WORK TASK
From the entries below, return only the lines starting at the one that contains "Affiche Murale Encadrée" and ending at the one that contains "Moscow Mule PURE", exactly as they stand.
─── INPUT DATA
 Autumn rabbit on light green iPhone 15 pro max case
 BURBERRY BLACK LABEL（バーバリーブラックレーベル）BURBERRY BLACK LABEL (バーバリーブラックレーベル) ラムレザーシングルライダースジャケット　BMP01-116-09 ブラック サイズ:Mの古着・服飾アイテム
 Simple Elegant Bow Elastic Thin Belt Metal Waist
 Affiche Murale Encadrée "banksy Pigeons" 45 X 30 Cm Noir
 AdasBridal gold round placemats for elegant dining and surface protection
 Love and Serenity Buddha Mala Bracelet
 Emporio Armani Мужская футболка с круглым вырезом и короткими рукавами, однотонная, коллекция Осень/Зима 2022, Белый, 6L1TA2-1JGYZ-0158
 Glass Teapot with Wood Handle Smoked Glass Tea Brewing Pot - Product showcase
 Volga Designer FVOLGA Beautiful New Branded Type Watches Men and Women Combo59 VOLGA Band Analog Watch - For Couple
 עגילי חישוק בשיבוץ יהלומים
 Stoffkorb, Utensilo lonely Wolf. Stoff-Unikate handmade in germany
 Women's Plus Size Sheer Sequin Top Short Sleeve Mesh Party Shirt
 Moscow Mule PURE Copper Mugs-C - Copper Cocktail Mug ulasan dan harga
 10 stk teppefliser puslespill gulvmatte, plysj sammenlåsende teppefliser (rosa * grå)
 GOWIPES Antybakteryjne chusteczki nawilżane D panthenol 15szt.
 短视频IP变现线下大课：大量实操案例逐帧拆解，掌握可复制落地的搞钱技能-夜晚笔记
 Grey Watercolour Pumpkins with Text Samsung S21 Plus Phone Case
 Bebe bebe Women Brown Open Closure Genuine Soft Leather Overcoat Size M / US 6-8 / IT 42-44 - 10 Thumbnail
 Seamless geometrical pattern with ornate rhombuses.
──────
OUTPUT OF THE TASK
 Affiche Murale Encadrée "banksy Pigeons" 45 X 30 Cm Noir
 AdasBridal gold round placemats for elegant dining and surface protection
 Love and Serenity Buddha Mala Bracelet
 Emporio Armani Мужская футболка с круглым вырезом и короткими рукавами, однотонная, коллекция Осень/Зима 2022, Белый, 6L1TA2-1JGYZ-0158
 Glass Teapot with Wood Handle Smoked Glass Tea Brewing Pot - Product showcase
 Volga Designer FVOLGA Beautiful New Branded Type Watches Men and Women Combo59 VOLGA Band Analog Watch - For Couple
 עגילי חישוק בשיבוץ יהלומים
 Stoffkorb, Utensilo lonely Wolf. Stoff-Unikate handmade in germany
 Women's Plus Size Sheer Sequin Top Short Sleeve Mesh Party Shirt
 Moscow Mule PURE Copper Mugs-C - Copper Cocktail Mug ulasan dan harga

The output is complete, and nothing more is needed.